What you have to do →
Without pictures, return the lines from the one containing "Aritzia Women's Brown Sleeveless Tank Top" through the last line of the data below, exactly.

The data →
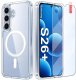 krainaGSM Etui Magnetyczne Przezroczyste do Samsung S26+ Plus |do MAGSAFE CASE| Szkło 1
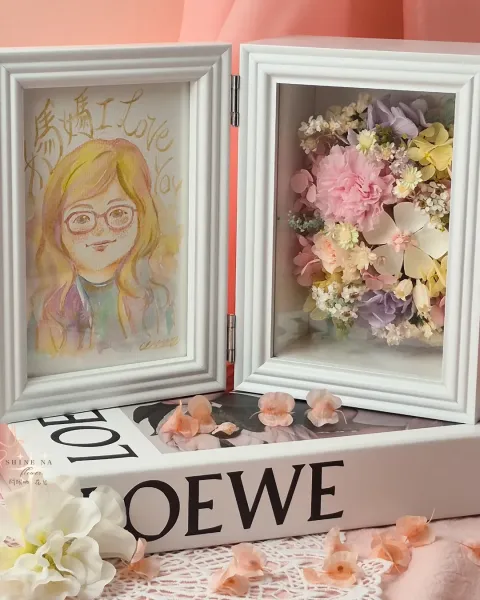 《花繪時光》shine na × 山微微 插畫花框聯名花禮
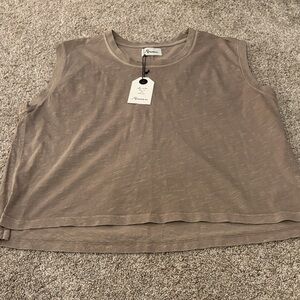 Aritzia Women's Brown Sleeveless Tank Top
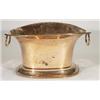 Image 1 : Twin handled 19th century copper wine cooler with embossed decoration, 52cm in length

Answer for this exercise →
 Aritzia Women's Brown Sleeveless Tank Top
 Image 1 : Twin handled 19th century copper wine cooler with embossed decoration, 52cm in length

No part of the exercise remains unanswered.